NCEH measures environmental chemicals in people to determine how to protect people and improve their health. Following are examples of such activities that NCEH conducted or supported in Alabama.

Funding

  • Antiterrorism Funding to Increase State Chemical Laboratory Capacity—In fiscal year 2003, CDC provided more than $1.8 million to Alabama to help the state expand its chemical laboratory capacity to prepare for and respond to chemical-terrorism incidents and other chemical emergencies. This program expansion will allow full participation of chemical-terrorism response laboratories in the Laboratory Response Network.

Studies

  • Measuring Folic Acid Levels in Healthy Adults—The NCEH laboratory, in partnership with the University of South Alabama, will examine the process by which folic acid is absorbed, distributed, and metabolized in healthy adults. The study also will determine whether unmetabolized plasma folic acid can adversely influence homocysteine levels in some people. NCEH will analyze 2,100 plasma samples. Survey results are expected in mid-2004.
     
  • Blood Lead Screening in Alabama—In response to community concerns about possible elevations in blood lead levels among the children of Anniston, the Agency for Toxic Substances and Disease Registry (ATSDR) facilitated a lead screening program in spring 2001. This screening program focused on children younger than 6 years of age who live in select areas of Anniston. With collaboration of the Community Against Pollution group, regional Head Start programs, Northeast Alabama Regional Medical Center’s Wellness Connection, county and city school systems, and Anniston community centers, ATSDR screened 410 children.

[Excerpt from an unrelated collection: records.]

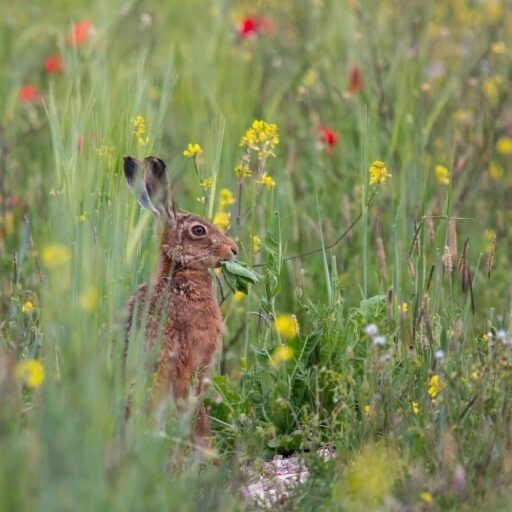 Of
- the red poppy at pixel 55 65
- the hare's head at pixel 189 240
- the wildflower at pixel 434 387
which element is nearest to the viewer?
the wildflower at pixel 434 387

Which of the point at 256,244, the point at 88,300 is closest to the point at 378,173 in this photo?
the point at 256,244

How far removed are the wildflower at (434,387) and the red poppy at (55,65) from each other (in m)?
3.80

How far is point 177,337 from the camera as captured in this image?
187 inches

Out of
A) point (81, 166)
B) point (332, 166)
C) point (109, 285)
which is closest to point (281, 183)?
point (332, 166)

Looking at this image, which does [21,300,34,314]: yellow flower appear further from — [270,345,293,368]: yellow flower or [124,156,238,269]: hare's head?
[270,345,293,368]: yellow flower

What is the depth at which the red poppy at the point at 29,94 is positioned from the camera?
7.17m

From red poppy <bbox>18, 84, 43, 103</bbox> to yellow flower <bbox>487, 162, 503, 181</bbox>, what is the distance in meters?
2.59

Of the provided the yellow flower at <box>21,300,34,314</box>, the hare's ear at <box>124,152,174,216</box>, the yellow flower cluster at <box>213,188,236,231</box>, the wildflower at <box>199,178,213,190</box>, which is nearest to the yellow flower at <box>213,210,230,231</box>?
the yellow flower cluster at <box>213,188,236,231</box>

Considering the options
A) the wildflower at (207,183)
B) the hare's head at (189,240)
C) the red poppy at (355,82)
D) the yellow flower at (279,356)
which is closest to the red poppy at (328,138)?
the red poppy at (355,82)

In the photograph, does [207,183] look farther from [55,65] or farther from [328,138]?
[55,65]

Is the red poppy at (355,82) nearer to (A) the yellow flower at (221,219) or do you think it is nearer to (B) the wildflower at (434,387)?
(A) the yellow flower at (221,219)

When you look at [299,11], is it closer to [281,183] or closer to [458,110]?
[458,110]

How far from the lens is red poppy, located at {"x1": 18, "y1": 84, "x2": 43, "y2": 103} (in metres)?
7.17

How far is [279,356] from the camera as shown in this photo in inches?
169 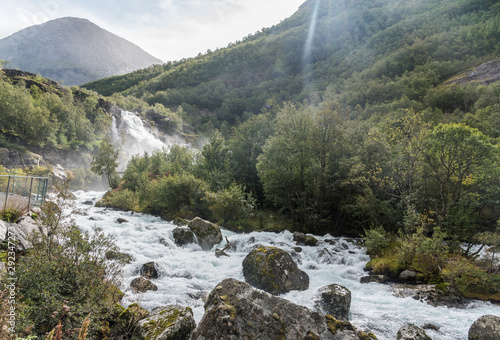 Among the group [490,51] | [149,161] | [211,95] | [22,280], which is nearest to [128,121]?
[149,161]

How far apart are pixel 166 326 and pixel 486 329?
9.94 meters

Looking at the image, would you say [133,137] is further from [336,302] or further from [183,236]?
[336,302]

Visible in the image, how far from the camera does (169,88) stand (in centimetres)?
14650

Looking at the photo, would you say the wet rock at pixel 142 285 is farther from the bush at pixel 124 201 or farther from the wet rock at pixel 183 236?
the bush at pixel 124 201

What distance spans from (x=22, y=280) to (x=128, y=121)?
273 ft

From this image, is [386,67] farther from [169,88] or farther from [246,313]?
[169,88]

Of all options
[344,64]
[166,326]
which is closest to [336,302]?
[166,326]

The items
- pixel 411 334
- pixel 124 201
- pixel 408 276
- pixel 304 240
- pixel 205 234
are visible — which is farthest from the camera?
pixel 124 201

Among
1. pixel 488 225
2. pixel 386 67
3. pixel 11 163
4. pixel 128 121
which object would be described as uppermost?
pixel 386 67

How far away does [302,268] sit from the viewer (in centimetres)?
1548

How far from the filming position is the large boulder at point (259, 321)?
599 centimetres

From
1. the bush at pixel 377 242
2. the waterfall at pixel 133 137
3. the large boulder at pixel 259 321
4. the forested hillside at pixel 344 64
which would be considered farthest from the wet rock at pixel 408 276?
the waterfall at pixel 133 137

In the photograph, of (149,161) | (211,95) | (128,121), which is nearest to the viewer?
(149,161)

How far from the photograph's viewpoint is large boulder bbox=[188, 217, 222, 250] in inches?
738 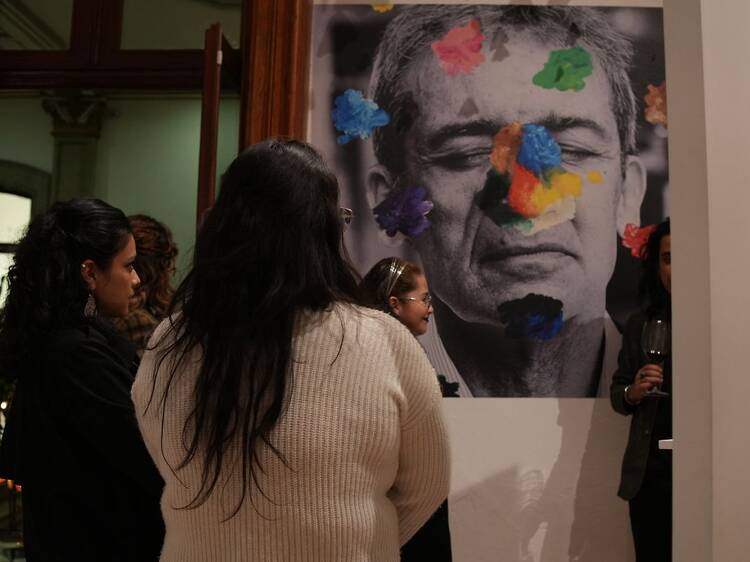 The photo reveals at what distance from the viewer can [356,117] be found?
4.15 m

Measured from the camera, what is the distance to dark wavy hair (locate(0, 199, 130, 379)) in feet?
6.63

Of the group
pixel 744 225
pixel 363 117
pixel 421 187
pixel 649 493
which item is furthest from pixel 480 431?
pixel 744 225

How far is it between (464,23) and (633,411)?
187 cm

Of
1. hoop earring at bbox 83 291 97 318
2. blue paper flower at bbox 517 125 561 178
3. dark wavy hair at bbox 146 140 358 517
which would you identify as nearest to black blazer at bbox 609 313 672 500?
blue paper flower at bbox 517 125 561 178

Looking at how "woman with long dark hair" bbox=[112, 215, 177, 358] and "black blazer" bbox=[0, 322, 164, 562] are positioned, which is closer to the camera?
"black blazer" bbox=[0, 322, 164, 562]

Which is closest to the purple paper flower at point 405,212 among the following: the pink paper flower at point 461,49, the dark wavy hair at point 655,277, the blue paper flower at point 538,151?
the blue paper flower at point 538,151

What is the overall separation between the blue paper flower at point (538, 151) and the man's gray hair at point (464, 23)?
12.4 inches

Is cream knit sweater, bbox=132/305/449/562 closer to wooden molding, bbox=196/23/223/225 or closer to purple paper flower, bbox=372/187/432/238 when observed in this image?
wooden molding, bbox=196/23/223/225

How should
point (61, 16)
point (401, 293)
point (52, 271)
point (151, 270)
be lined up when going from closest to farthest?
point (52, 271) < point (401, 293) < point (151, 270) < point (61, 16)

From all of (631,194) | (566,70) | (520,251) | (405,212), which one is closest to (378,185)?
(405,212)

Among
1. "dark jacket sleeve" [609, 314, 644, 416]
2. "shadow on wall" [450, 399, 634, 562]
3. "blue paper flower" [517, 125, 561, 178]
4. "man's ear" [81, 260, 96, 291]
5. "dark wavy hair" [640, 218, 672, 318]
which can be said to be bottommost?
Result: "shadow on wall" [450, 399, 634, 562]

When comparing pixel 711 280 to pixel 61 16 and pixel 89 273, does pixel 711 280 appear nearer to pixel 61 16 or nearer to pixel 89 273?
pixel 89 273

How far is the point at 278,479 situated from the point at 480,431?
2721 mm

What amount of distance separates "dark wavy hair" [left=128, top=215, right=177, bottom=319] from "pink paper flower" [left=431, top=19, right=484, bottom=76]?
158 cm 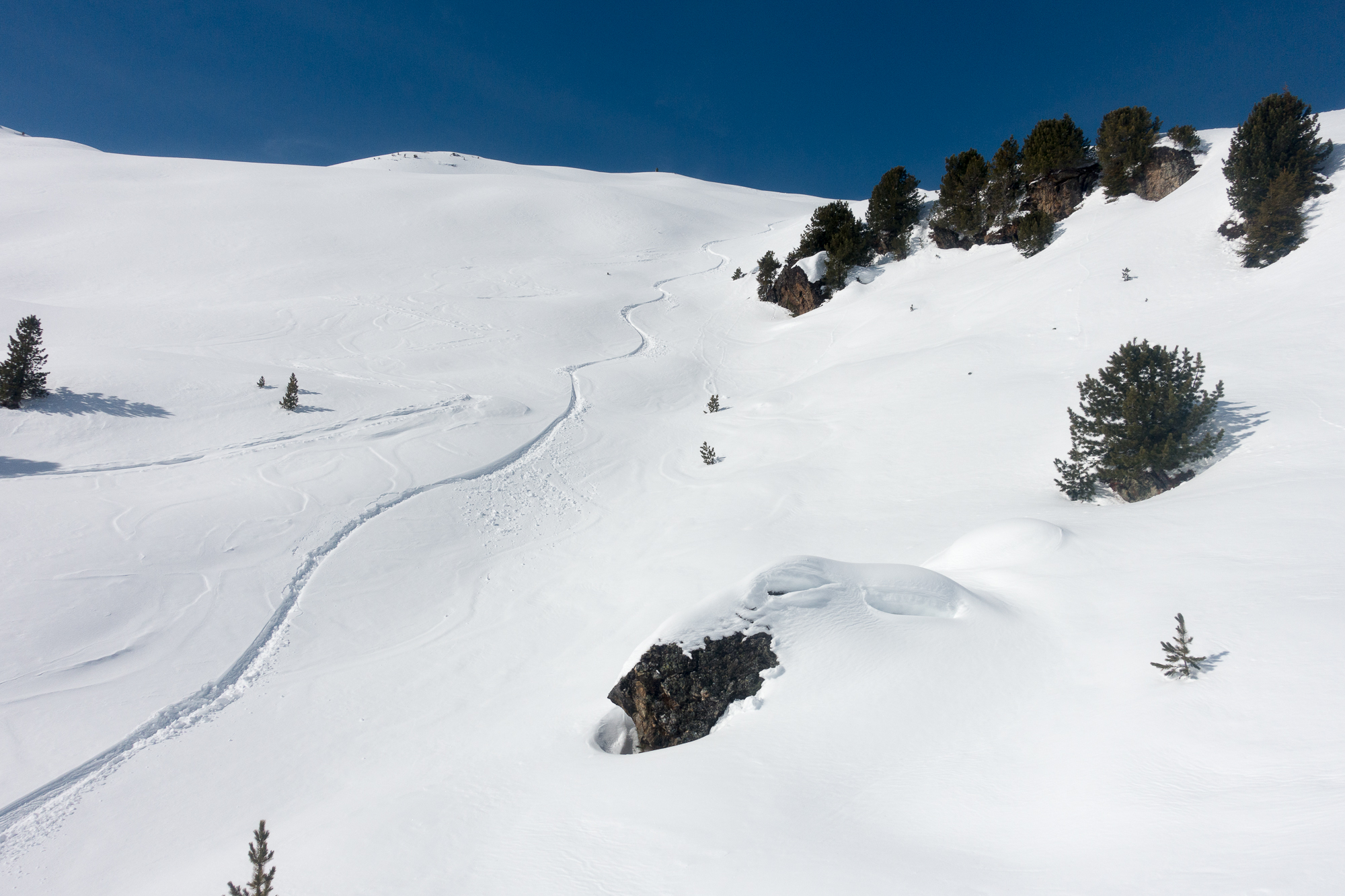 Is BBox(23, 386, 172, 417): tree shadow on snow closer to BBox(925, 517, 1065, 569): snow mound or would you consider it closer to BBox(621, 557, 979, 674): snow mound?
BBox(621, 557, 979, 674): snow mound

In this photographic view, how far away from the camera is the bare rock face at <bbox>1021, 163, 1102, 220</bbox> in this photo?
1986 centimetres

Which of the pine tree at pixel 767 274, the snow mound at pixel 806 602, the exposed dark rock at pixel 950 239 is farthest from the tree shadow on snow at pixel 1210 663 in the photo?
the pine tree at pixel 767 274

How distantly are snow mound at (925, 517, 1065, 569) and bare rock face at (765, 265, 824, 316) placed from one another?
56.3 ft

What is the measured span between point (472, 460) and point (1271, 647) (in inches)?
434

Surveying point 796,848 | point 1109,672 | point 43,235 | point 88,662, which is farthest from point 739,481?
point 43,235

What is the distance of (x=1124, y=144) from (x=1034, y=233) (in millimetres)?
3999

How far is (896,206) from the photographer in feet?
79.1

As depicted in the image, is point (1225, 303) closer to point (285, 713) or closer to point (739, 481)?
point (739, 481)

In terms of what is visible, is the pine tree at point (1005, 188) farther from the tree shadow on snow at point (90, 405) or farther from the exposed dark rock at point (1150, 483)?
the tree shadow on snow at point (90, 405)

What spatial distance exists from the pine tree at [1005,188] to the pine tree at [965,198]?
12.5 inches

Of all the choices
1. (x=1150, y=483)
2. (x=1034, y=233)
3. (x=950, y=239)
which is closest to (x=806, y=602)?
(x=1150, y=483)

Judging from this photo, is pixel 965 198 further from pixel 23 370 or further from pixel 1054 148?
pixel 23 370

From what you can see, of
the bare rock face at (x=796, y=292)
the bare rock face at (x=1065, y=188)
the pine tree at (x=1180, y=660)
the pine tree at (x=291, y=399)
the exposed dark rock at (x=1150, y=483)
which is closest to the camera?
the pine tree at (x=1180, y=660)

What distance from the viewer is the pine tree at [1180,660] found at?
3.94m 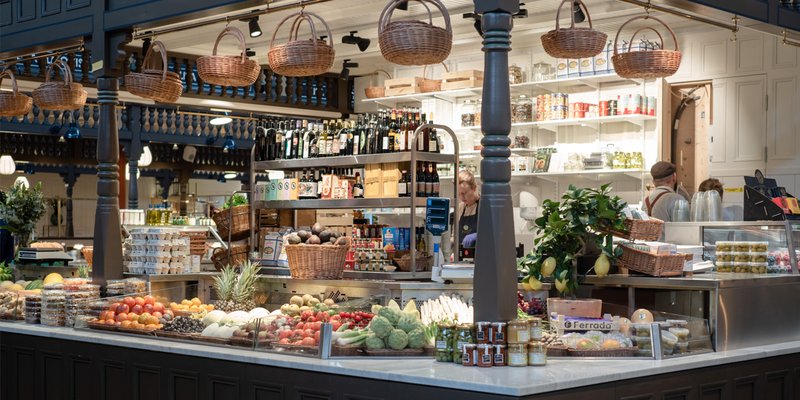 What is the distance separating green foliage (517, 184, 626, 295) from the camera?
17.3ft

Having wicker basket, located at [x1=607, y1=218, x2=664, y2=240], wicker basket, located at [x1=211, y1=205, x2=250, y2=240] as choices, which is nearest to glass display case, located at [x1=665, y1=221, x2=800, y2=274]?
wicker basket, located at [x1=607, y1=218, x2=664, y2=240]

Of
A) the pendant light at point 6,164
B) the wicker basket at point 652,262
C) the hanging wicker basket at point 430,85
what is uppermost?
the hanging wicker basket at point 430,85

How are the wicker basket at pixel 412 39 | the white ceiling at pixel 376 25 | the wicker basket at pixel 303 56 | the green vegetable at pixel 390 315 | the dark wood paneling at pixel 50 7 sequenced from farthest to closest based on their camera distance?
the white ceiling at pixel 376 25
the dark wood paneling at pixel 50 7
the wicker basket at pixel 303 56
the wicker basket at pixel 412 39
the green vegetable at pixel 390 315

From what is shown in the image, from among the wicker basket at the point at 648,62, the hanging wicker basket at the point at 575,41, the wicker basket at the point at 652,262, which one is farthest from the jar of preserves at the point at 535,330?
the wicker basket at the point at 648,62

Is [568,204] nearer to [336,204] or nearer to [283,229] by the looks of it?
[336,204]

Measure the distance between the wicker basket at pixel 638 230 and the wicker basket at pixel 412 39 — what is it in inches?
53.7

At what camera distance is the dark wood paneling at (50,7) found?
728 centimetres

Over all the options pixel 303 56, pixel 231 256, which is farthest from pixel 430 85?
pixel 303 56

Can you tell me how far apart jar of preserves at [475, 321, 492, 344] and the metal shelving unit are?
210 centimetres

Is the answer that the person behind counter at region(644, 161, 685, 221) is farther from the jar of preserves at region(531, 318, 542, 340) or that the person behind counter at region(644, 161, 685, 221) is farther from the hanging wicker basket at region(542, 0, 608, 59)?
the jar of preserves at region(531, 318, 542, 340)

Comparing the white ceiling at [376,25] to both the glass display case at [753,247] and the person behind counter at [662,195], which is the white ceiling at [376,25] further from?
the glass display case at [753,247]

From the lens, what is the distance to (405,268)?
667 centimetres

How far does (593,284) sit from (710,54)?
5.19 m

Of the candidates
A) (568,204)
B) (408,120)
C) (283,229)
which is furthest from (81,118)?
(568,204) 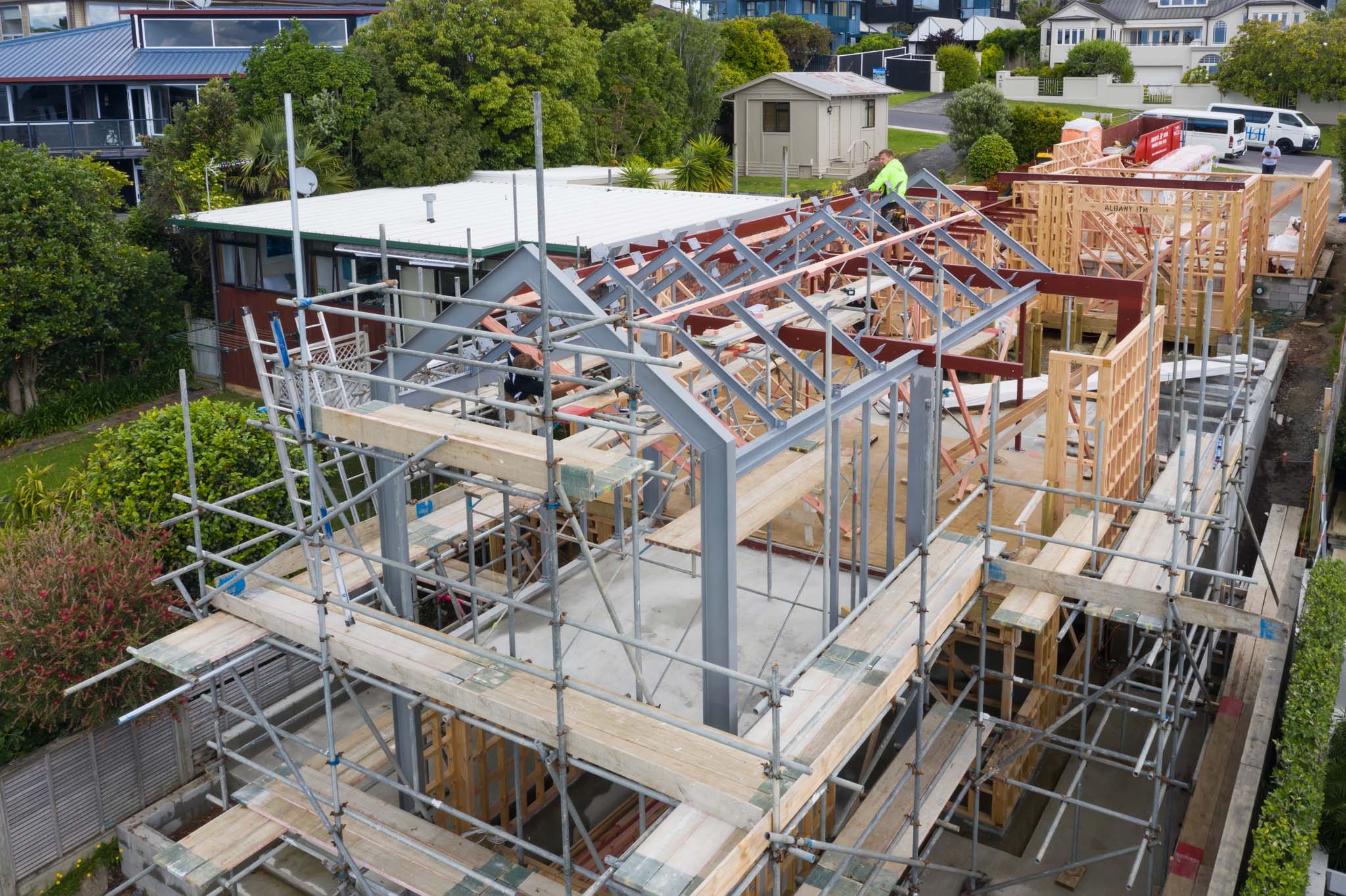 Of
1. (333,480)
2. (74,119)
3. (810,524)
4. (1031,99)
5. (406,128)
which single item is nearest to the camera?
(810,524)

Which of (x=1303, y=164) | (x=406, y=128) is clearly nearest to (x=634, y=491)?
(x=406, y=128)

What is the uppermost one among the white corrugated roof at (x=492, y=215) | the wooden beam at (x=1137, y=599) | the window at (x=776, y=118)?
the window at (x=776, y=118)

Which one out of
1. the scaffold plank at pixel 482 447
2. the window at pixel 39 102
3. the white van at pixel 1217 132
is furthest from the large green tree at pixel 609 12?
the scaffold plank at pixel 482 447

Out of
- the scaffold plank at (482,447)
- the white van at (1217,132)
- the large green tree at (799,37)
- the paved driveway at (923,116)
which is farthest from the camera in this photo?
the large green tree at (799,37)

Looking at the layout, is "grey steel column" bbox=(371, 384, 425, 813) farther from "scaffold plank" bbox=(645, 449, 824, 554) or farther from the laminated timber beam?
"scaffold plank" bbox=(645, 449, 824, 554)

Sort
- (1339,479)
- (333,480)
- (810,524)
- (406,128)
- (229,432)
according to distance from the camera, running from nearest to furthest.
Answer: (810,524) < (229,432) < (1339,479) < (333,480) < (406,128)

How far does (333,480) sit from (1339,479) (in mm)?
15063

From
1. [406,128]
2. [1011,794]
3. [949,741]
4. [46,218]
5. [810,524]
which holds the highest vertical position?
[406,128]

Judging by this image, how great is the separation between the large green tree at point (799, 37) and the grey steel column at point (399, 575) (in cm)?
5518

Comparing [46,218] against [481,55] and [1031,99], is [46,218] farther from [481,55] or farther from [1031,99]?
[1031,99]

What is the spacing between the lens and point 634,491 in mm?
9828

    The NCEH laboratory analyzed the blood samples. Four of the children tested had blood lead levels greater than 10 micrograms of lead per deciliter of blood (µg/dL). Although project results do not provide a complete picture of blood lead levels in Anniston, they indicate that less than 1% of the population tested had blood lead levels higher than the CDC guideline of 10 µg/dL. Screening project results also indicated that approximately 25% of the children had blood lead levels between 5 and 10 µg/dL. Although these findings provided evidence that children in Anniston are being exposed to lead, the source of the lead is unknown. The health risks associated with these low blood lead levels are not clear, but this evidence points to the need for continued blood screening and education for exposure prevention.

Services

  • Helping State Public Health Laboratories Respond to Chemical Terrorism—NCEH is working with Alabama’s public health laboratory to prepare state laboratory scientists to measure chemical terrorism agents or their metabolites in individuals’ blood or urine. The NCEH laboratory is transferring analytic methods for measuring chemical terrorism agents (including cyanide-based compounds and other chemicals) to Alabama. In addition, the NCEH laboratory instituted a proficiency-testing program to measure the compatibility of the state’s analytic results with results from the NCEH laboratory.
     
  • Blood Lead Laboratory Reference System (BLLRS)—Six laboratories in Alabama participate in NCEH’s standardization program to improve the overall quality of laboratory measurements of blood lead levels. This program helps laboratories nationwide evaluate their performance on these critical laboratory tests. NCEH provides BLLRS materials to the laboratories four times a year without charge.
     
  • Newborn Screening Quality-Assurance Program—NCEH provided proficiency-testing services and dried-blood-spot, quality-control materials to monitor and help assure the quality of screening program operations for newborns in Alabama. The importance of accurate screening tests for genetic metabolic diseases cannot be overestimated. Testing of blood spots collected from newborns is mandated by law in almost every state to promote early intervention that can prevent mental retardation, severe illness, and premature death.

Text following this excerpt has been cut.